■ **What the exercise asks**: All lines from the one that has "Картридж Epson C13T755140 Black" onward to the end of the records below are to be returned exactly; pictures are to be skipped.

(Short descriptive text snippets)
★ ★ ★ ★ ★

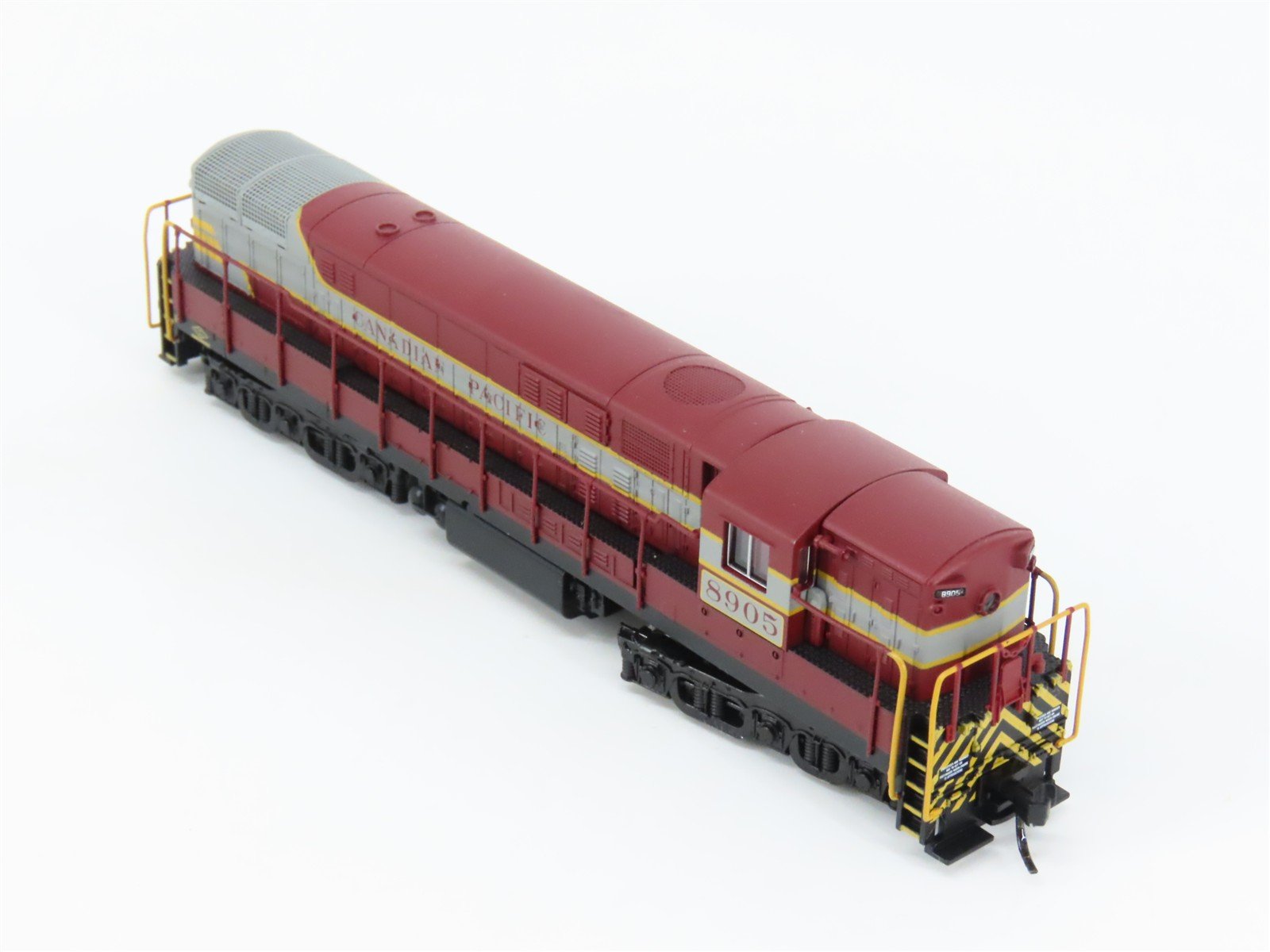 N Scale Atlas 49562 CP Canadian Pacific FM H-24-66 Train Master Diesel DCC Ready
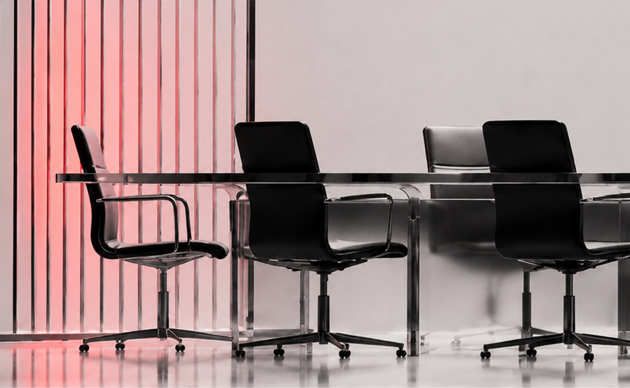 Where bank transformation decisions get made versus who has to execute them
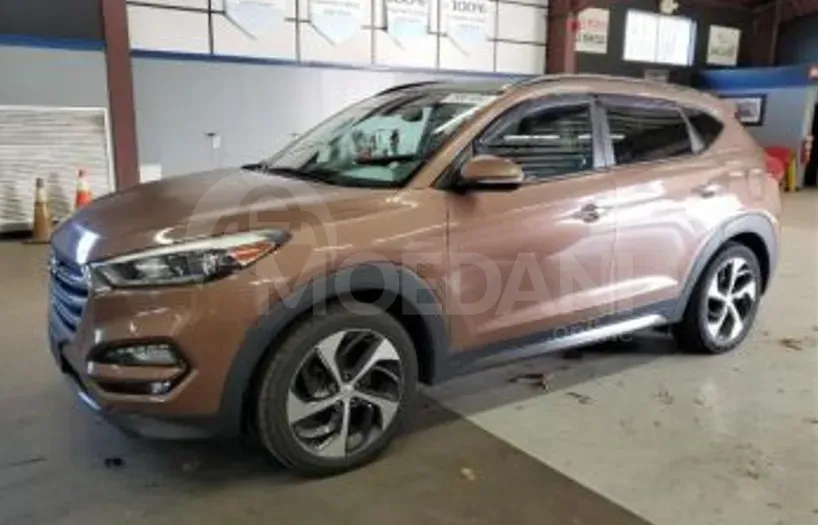 Hyundai Tucson 2016 Тбилиси - изображение 6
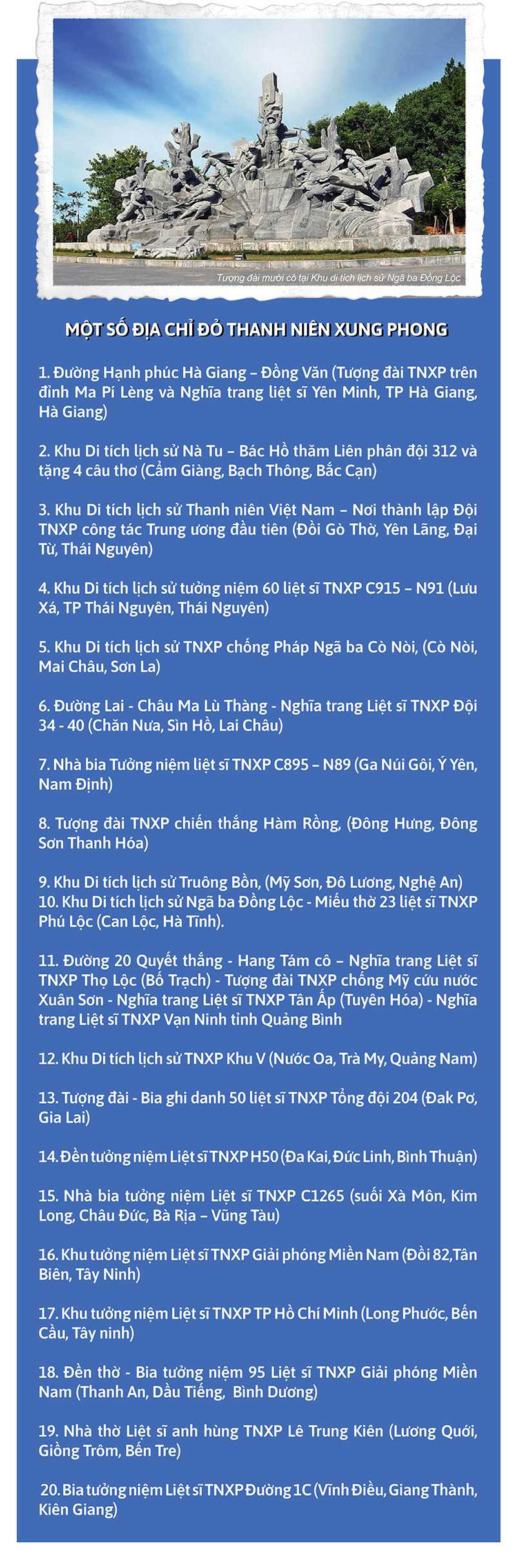 Môi trường giác ngộ lòng yêu nước, trường học lớn để tuổi trẻ trưởng thành ảnh 15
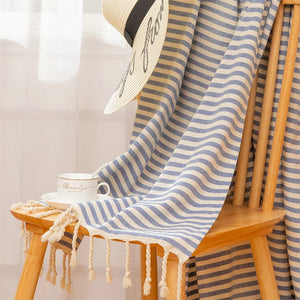 Turkish Striped Beach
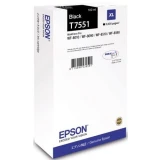 Картридж Epson C13T755140 Black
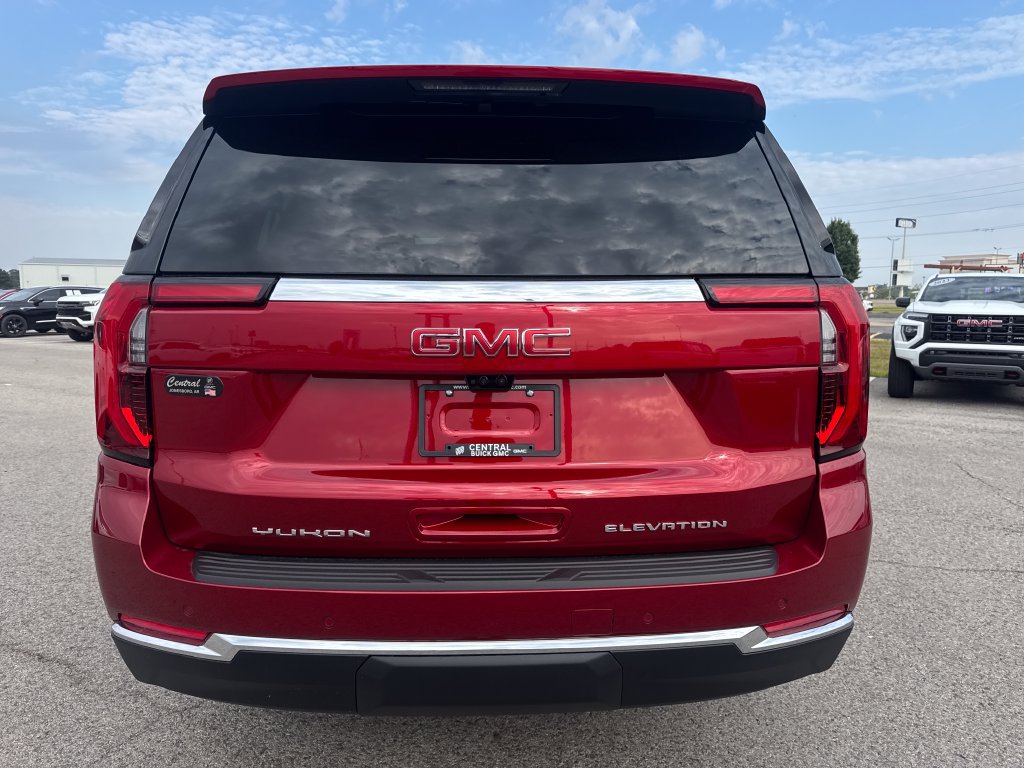 New 2026 GMC Yukon XL Elevation w/ Elevation Premium Package AWD/4WD image 5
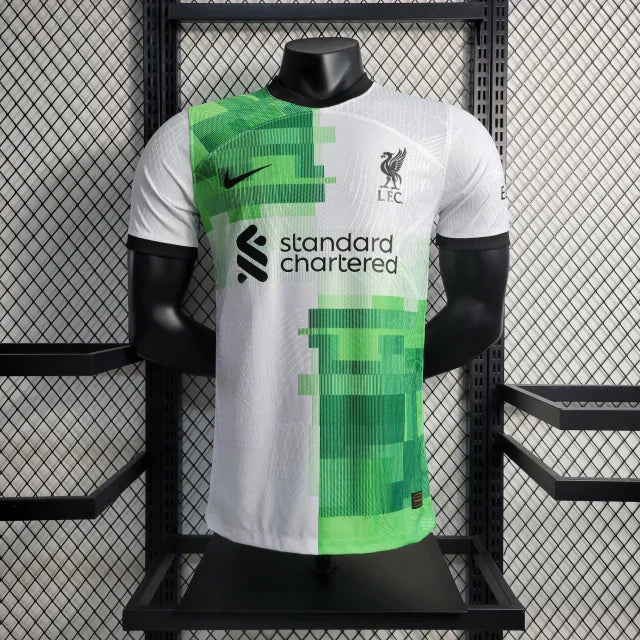 Camiseta Liverpool Visitante 2024/25 PLAYER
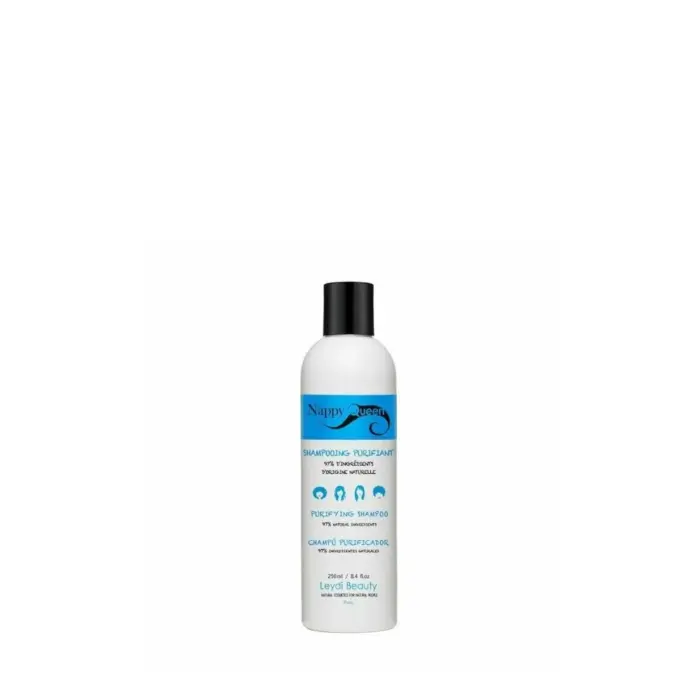 Nappy Queen Shampooing Purifiant 250ml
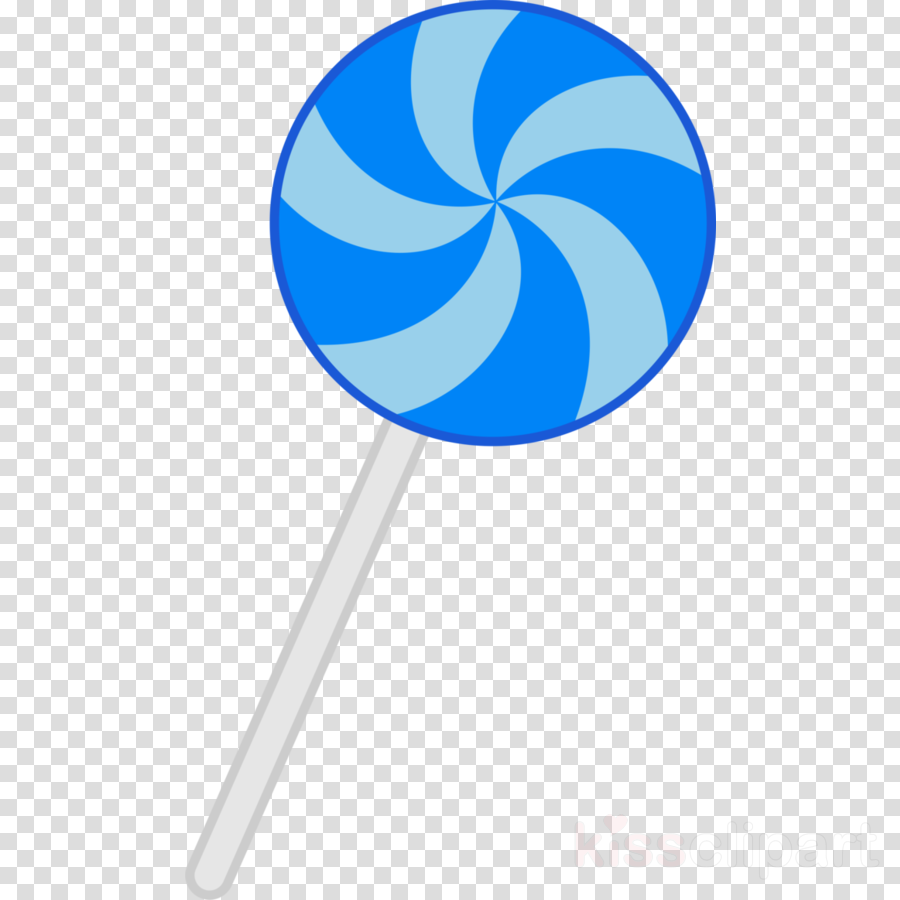 Blue Lollipop Clipart Lollipop Candy Cane Clip Art - Music Plate Icons (900x900), Png Download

★ ★ ★ ★ ★

■ **Task solution**:
 Картридж Epson C13T755140 Black
 New 2026 GMC Yukon XL Elevation w/ Elevation Premium Package AWD/4WD image 5
 Camiseta Liverpool Visitante 2024/25 PLAYER
 Nappy Queen Shampooing Purifiant 250ml
 Blue Lollipop Clipart Lollipop Candy Cane Clip Art - Music Plate Icons (900x900), Png Download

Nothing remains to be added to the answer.